Civil Designer Showcase

Small Road Makes Big Difference To West Coast Community

Most will be forgiven for not knowing exactly where Wittewater is on the West Coast and indeed up until now it has been a hard place to get to - linked only by a small gravel road from the R29 between Piketberg and Velddrif. And while, by all accounts there is not really much going on in this hamlet that consists of about 100 houses, the historic Moravian mission church and attendant historic houses, a school and a clinic - the small community recently came alive with activity as a project to upgrade their access road got underway.

In order to achieve poverty alleviation by providing easier access for the community as well as job opportunities during construction, the Provincial Administration of the Western Cape - Department of Transport and Public Works and the West Coast District Municipality with the national Department of Transport providing partial funding, the Community Access Road Project to upgrade the road to Wittewater was undertaken.

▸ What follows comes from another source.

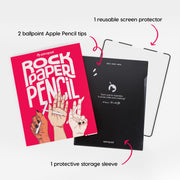 Rock Paper Pencil v3.0 — iPad Paper Screen Protector + Apple Pencil Tips
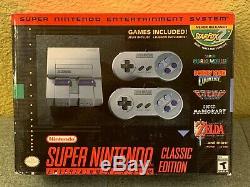 Super Nintendo SNES Classic Mini Entertainment System with 21 Games Pre-Loaded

This new road to the relatively remote community is likely to make a huge difference to the people of Wittewater. Not only does it make accessing the town by road easier, but it also solves a stormwater problem that has plagued the community until now. Construction of the new road drainage facilities provided opportunities for skills development within the community as well. In addition the new road had to be designed to meet the stringent aesthetic standards of the South African Heritage Resource Agency (SAHRA).

With most of the provincial Department of Transport and Public Works roads being designed by consulting engineers, Gideon Hahn of the Provincial Administration the Western Cape considers himself lucky to have been able to work on this unique project. "The thing that makes it odd is that the road is divided into two sections; a rural section of 700 m and an urban section of 300 m," he says explaining that SAHRA laid down strict specifications for the actual "look" for the urban sections of the road. "They would not allow a black tarred road in town so we gave them a brown tarred road." For the kerb and the concrete side drain SAHRA prescribed that it must not be the normal grey concrete kerb and side drain but exposed stone from the local area.

Most will be forgiven for not knowing exactly where Wittewater is on the West Coast and indeed up until now it has been a hard place to get to - linked only by a small gravel road from the R29 between Piketberg and Velddrif.

And while, by all accounts there is not really much going on in this hamlet that consists of about 100 houses, the historic Moravian mission church and attendant historic houses, a school and a clinic - the small community recently came alive with activity as a project to upgrade their access road got underway.

According to Gideon it was the visits from these tour buses as well as the daily local school buses that presented him with his next design challenge. Faced with the situation in the town where the road splits into two sections - one section where the road just ended leaving no space for the buses to execute their turning movements - meant that he needed to somehow design a section of road that could accommodate these buses and their need to turn around.

"I designed a turn-around place for the buses by joining the two roads. The original road was very steep so I had to lift the road to reduce the gradient. And with the lifting of the road I was able to add a bus stop," he explained. Here the TURN module of Civil Designer was particularly useful in determining whether a 12m bus would be able to turn within the design space provided by the two very closely spaced roads.
 
South African Heritage Resource Agency stipulated the use of exposed stone from the local area


But the newly designed road not only ensures the safety of tour and school buses as well as other vehicles and their passengers; it also has another significant design spin-off for the community who until now have been plagued by stormwater problems. "There are no existing underground stormwater facilities and before we upgraded the road all the stormwater that came from the school and hills went onto the road and ran across the road to the houses on the other side," said Gideon.

This problem has now been solved with the design of the new road. "We used the crossfall of the road to accommodate the stormwater so that all the stormwater that runs onto the road gets into our concrete side drains and from there runs into a trench. We used the old road as a medium to disperse the water into the field which then ends up in the Wittewater river," he explained briefly.

In addition to the obvious design advantages provided by this R2 million project; the community stands to benefit from the skills development initiative that was incorporated into the construction of the new road. Mandated to include community involvement in the project; skills such as road building, fencing and concrete work are being passed onto the inhabitants of Wittewater.

With 28 temporary employees as well as 6 permanent employees from the community that worked on the project, the road signified more than a link to the outside world; it signified an opportunity for work as well as an opportunity to learn additional skills. Apart from the obvious road building skills that they picked up, they now also have important fencing, cementing, brick laying and stone pitching skills that can be used within their communities to upgrade living areas.

Clearly satisfied with the progress of the road-building project at Wittewater as well as its many challenges and resultant benefits for the community, Gideon looks forward to his next design project. "I love designing," he reiterates adding that his chosen job provides him with the opportunity to be out in the field surveying as well as back behind his computer tackling the design challenges that he is faced with.

For this reason he is particularly pleased that they have recently upgraded Civil Designer to incorporate the full functionality of AllyCAD as this makes his job easier. Previously having to convert files between packages, he used to lose resolution and text formatting. "Now with AllyCAD it is straight forward, faster and easier to work with," he said.